President Obama met with DREAMers and mixed status families who told the President why current immigration system doesn’t work (Photo/official White House photo by Pete Souza )

Mixed-status families, DREAMers tell Obama their personal immigration stories

Melissa McGuire-Maniau, a U.S. citizen since she was born in Puerto Rico, might seem like an unlikely member of a group of 7 people invited to speak to President Obama about the toll of the current immigration system.  But the Florida resident, who is a board member of the Florida Immigrant Coalition, says her Mexican-born husband has gone through decades of hardship – including detention – though he tried to do everything right.

“Do you know how hard it is to say a 28-year story in a few minutes?” said McGuire-Maniau, describing how everyone went around the room telling the President their story. “But I told him my husband applied and tried to do it the right way, but regardless, the system is broken and it doesn’t work,” she said.

McGuire-Maniau’s husband, Hector, arrived from Mexico when he was 17 on a B2 visa.  His mother became a naturalized citizen and petitioned him, and he was approved in 1998.  He was told to wait and then apply for adjustment of status.  But according to Melissa, an attorney told Hector’s family he could legally expedite his case, which was not true. “Then immigration took the application and money, but placed him in removal proceedings, which happens all the time – so many people are in deportation proceedings because of someone else, meddling in their case,” says McGuire-Maniau.  She describes ICE coming to her house three times until they finally found her husband home and put him at the Broward Transitional Center in Pompano Beach, Florida.

Melissa McGuire-Maniau, a U.S. citizen by birth, told President Obama why her husband almost got deported.

Melissa McGuire-Maniau, a U.S. citizen by birth, told President Obama why her husband almost got deported. (Photo/courtesy of Melissa McGuire-Maniau)

The couple fought his situation successfully with help from the community, and Hector now has a green card.
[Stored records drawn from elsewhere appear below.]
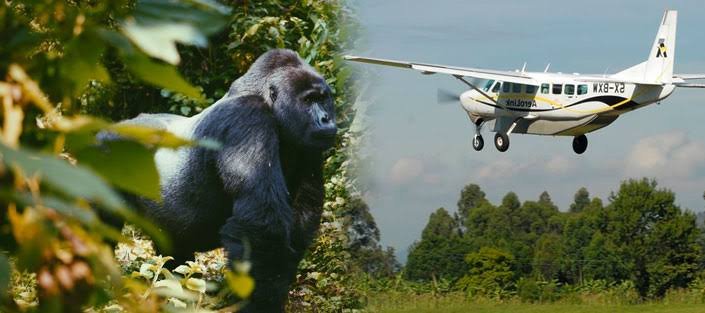 Fly-in Gorilla Safaris Uganda - Bwindi Gorilla Trekking Uganda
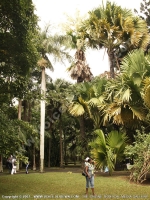 corypha_umbraculifera_also_known_as_talipot_at_pamplemousses_botanical_garden_and_visitors_view.jpg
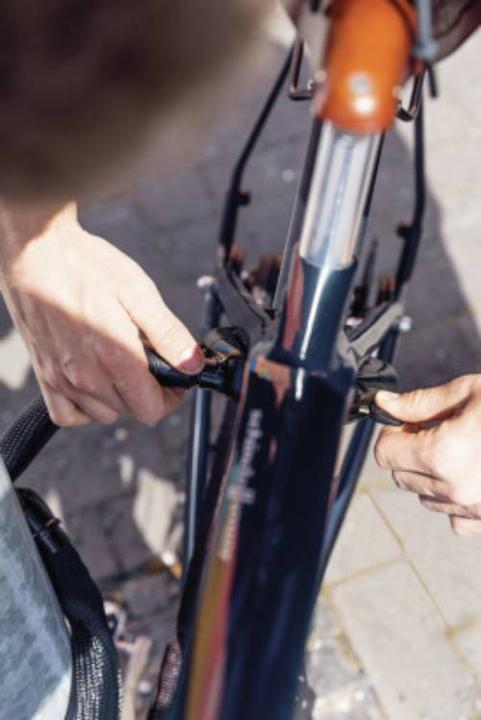 Actual product image Abus Ach Ivy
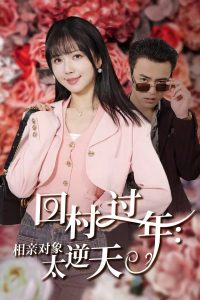 回村过年相亲对象太逆天全集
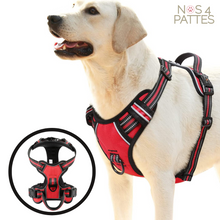 Charger l'image dans la galerie, harnais chien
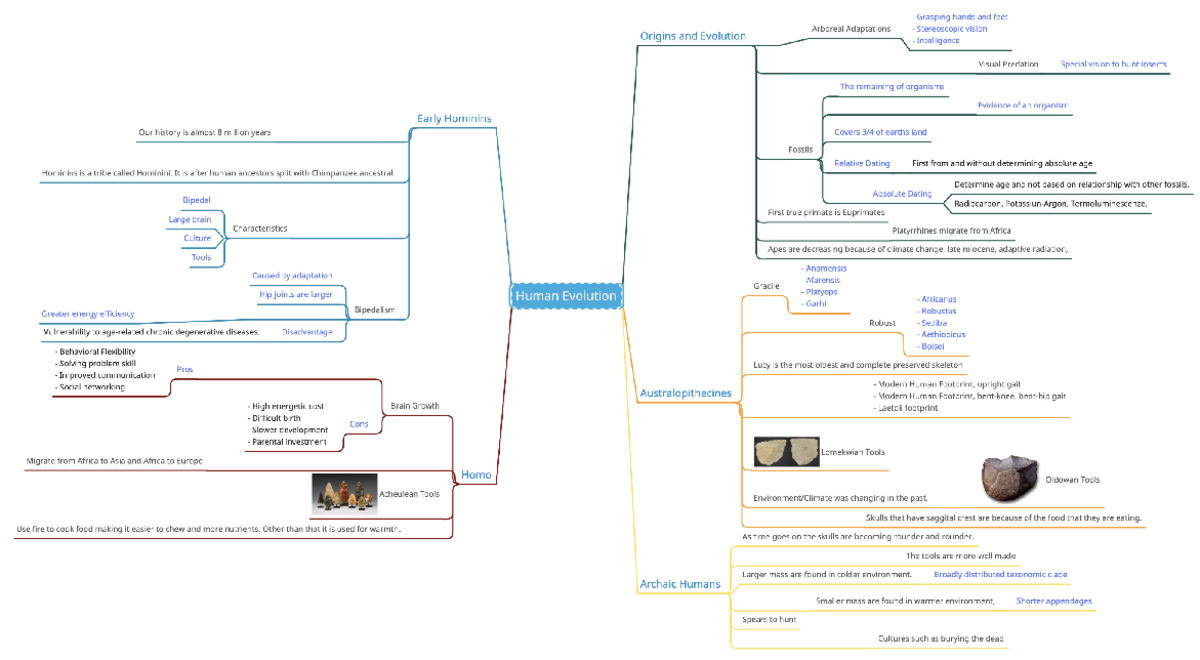 Anthropology Visual Study Guide OSU 3237 – MindView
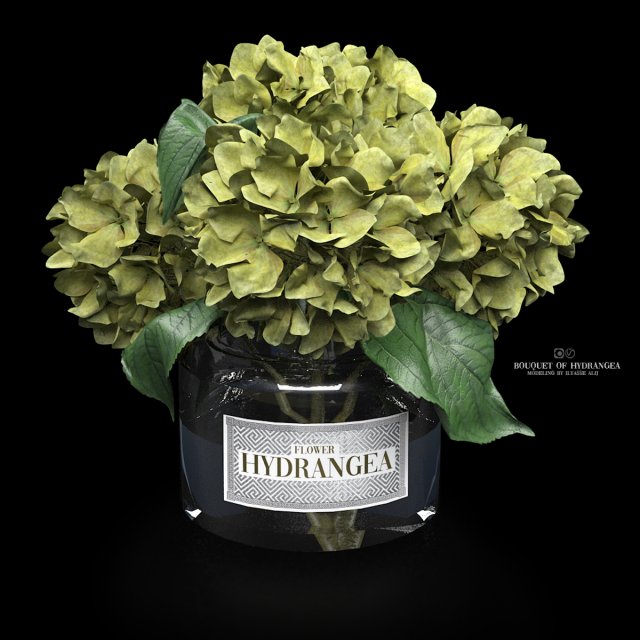 Bouquet of hydrangea 3D मॉडल .c4d .max .obj .3ds .fbx .stl .blend 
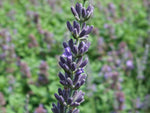Provence Lavendel - Grosso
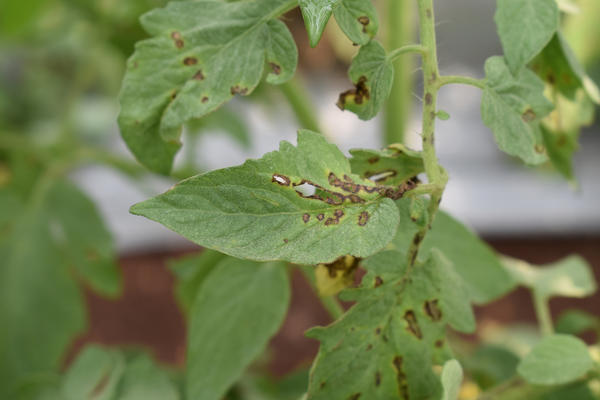 5 проблем с рассадой после пересадки: чем помочь растениям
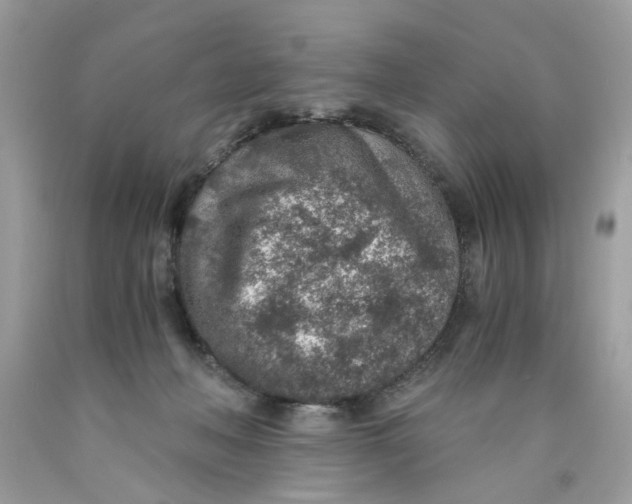 X0000089970222200707202017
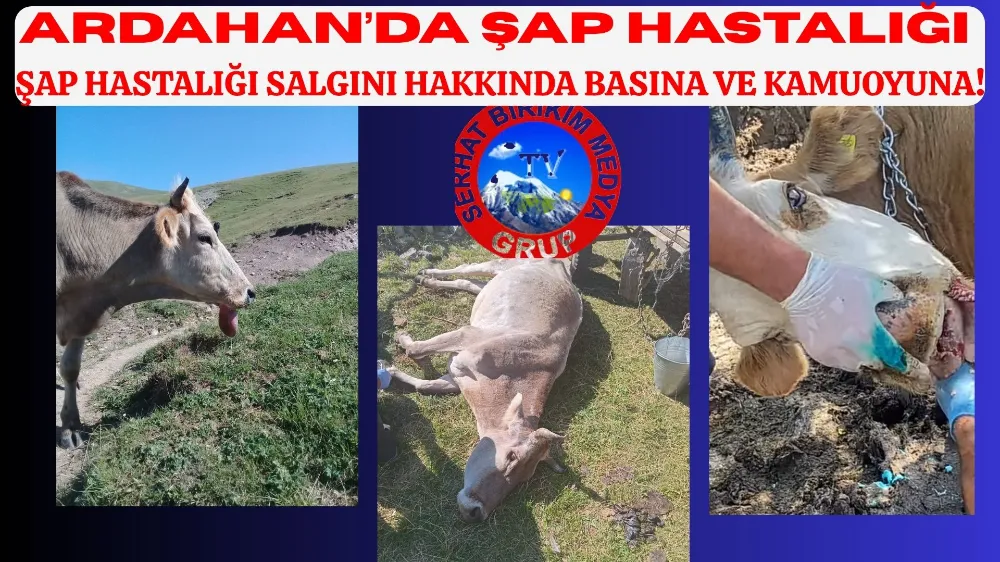 ŞAP HASTALIĞI SALGINI HAKKINDA BASINA VE KAMUOYUNA!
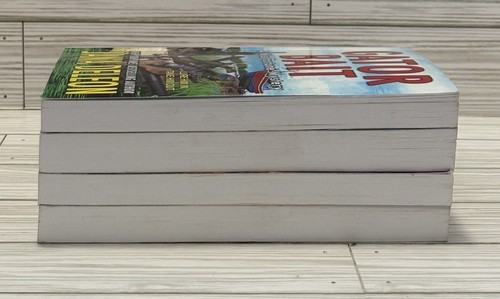 Menge 4 Jana Deleon MISS FORTUNE MYSTERY Taschenbücher - Bild 13 von 14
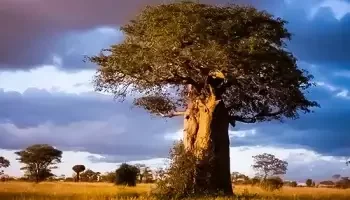 A Giant tree in between a forest
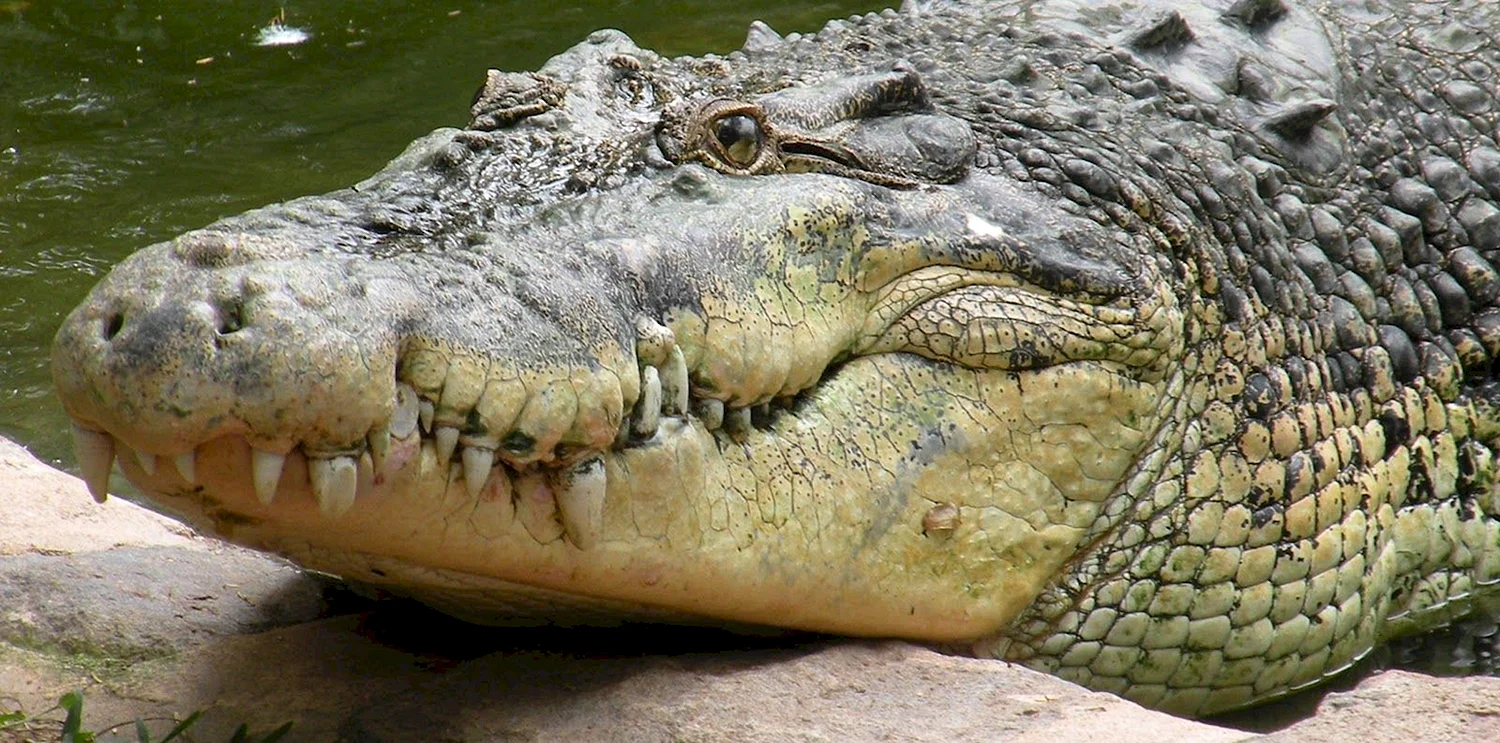 Солти крокодил морской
But Melissa’s sister was deported, and is still in Mexico, with her children in the U.S.  “It  makes me sad; we fought back, but others are so paralyzed with fear and they don’t fight back.”

The President listened to Melissa’s story, as well as to Miguel Leal, a U.S. citizen originally from Cuba. Leal told Telemundo’s Lori Montenegro that he was there for his Uruguayan wife, who is undocumented, and who has several family members in detention.  Other immigrants from South Korea and Morocco shared their stories with Obama, and DREAMers shared how their lives had changed with deferred action, while emphasizing many of their family members were still facing uncertain futures under current laws.
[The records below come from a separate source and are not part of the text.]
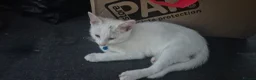 Mixed Breed cats for sale: Beautiful kittens in Rayleigh - Advert 3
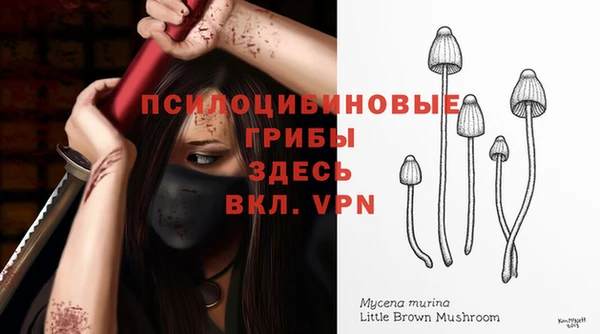 COCAINE Россошь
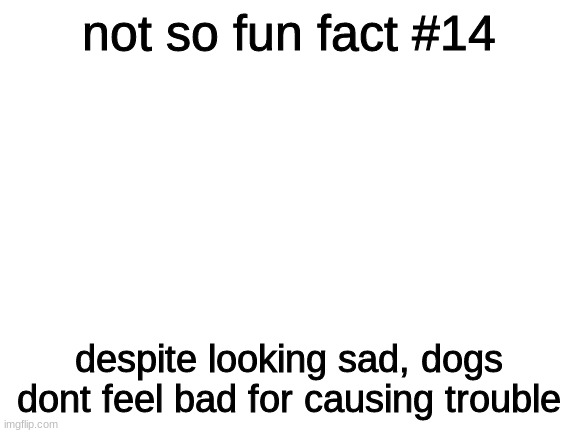 souless beings | not so fun fact #14; despite looking sad, dogs dont feel bad for causing trouble | image tagged in blank white template | made w/ Imgflip meme maker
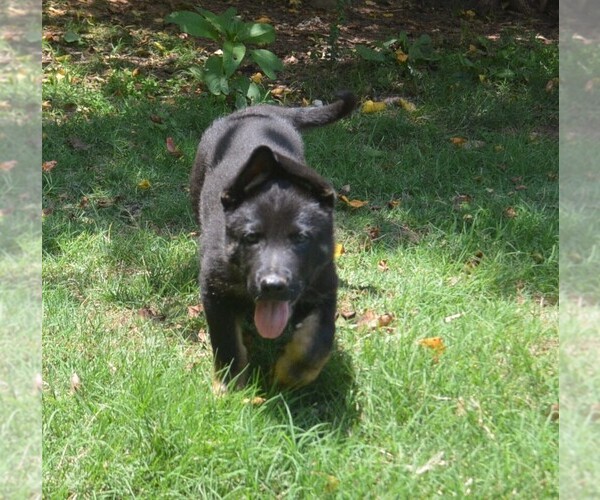 Medium Photo #2 German Shepherd Dog Puppy For Sale in POWDER SPRINGS, GA, USA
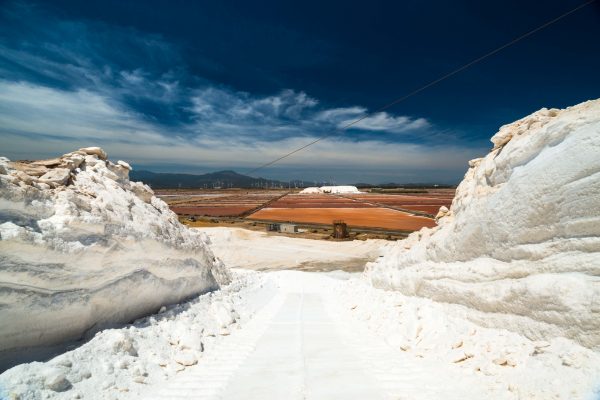 Saline Conti Vecchi, Foto Andrea Mariniello 2017, (Copyright) FAI - Fondo Ambiente Italiano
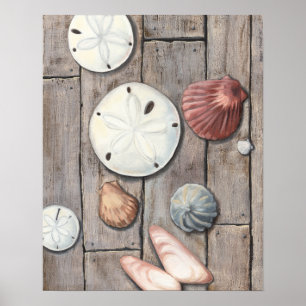 Seashore Treasures Poster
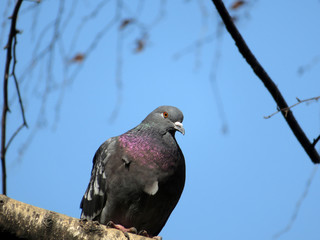 Gray dove sitting on a tree branch against a blue sky. Rock pigeon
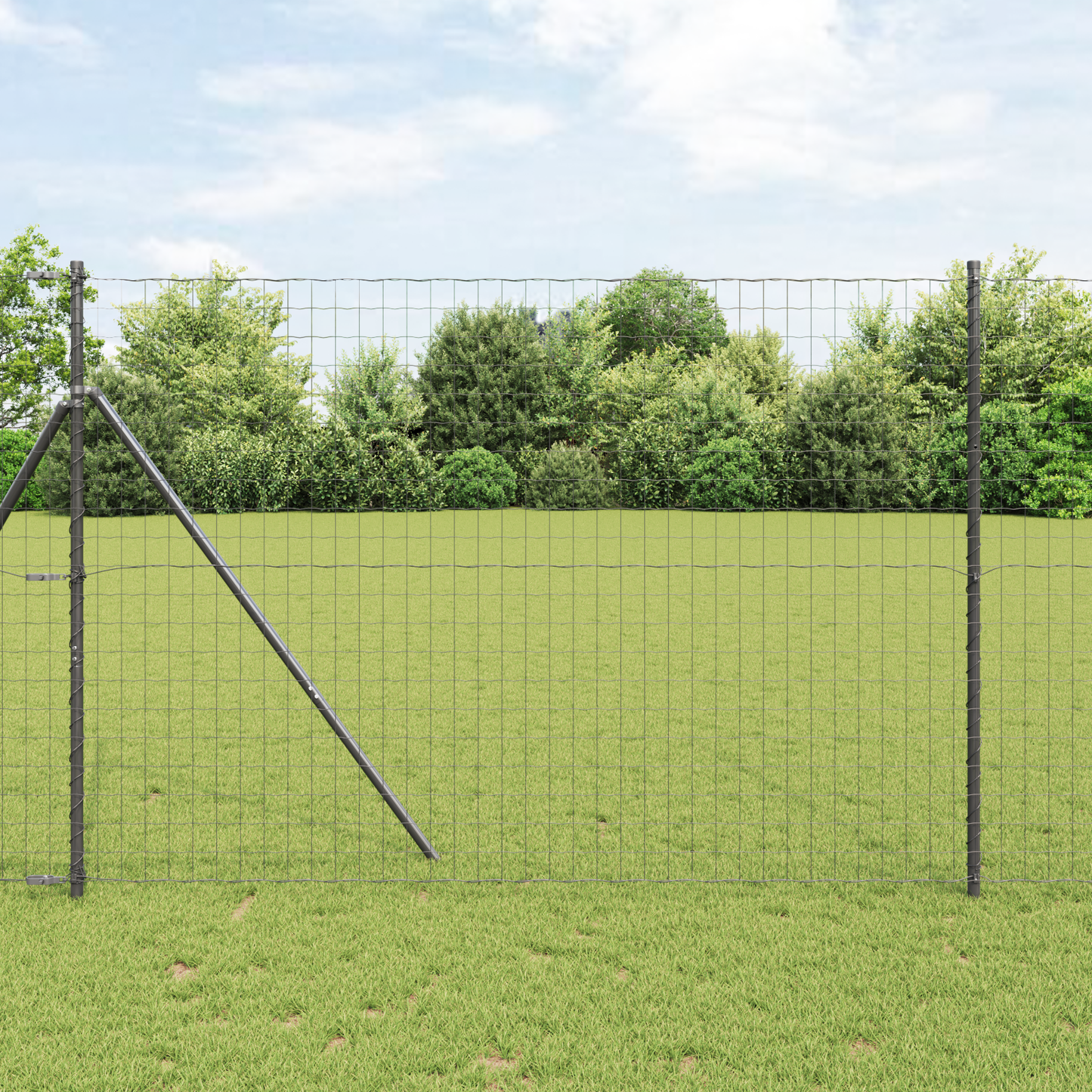 Euro gjerde Svart 1,6 x 10 m PVC-belagt jern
“He was very moved,” says McGuire-Maniau. “He says his commitment is unwavering and he wants to get immigration reform done.”  Others said the President said it would be hard work, but that he was committed.

The White House sent out a statement after the meeting.  “At the meeting, the President reiterated his commitment to passing a bipartisan, commonsense immigration reform bill this year.  He made clear that while the current bill is not perfect, it does represent an important step towards the broad principles that need to be part of any immigration reform package,” according to the White House.

For her part, McGuire-Maniu says there was another reason why she wanted to talk to Obama.

“He was a community organizer, like me,” she says. “There are so many issues he has to manage – sometimes you get worn down, but hearing people’s stories grounds you,” the Florida resident states.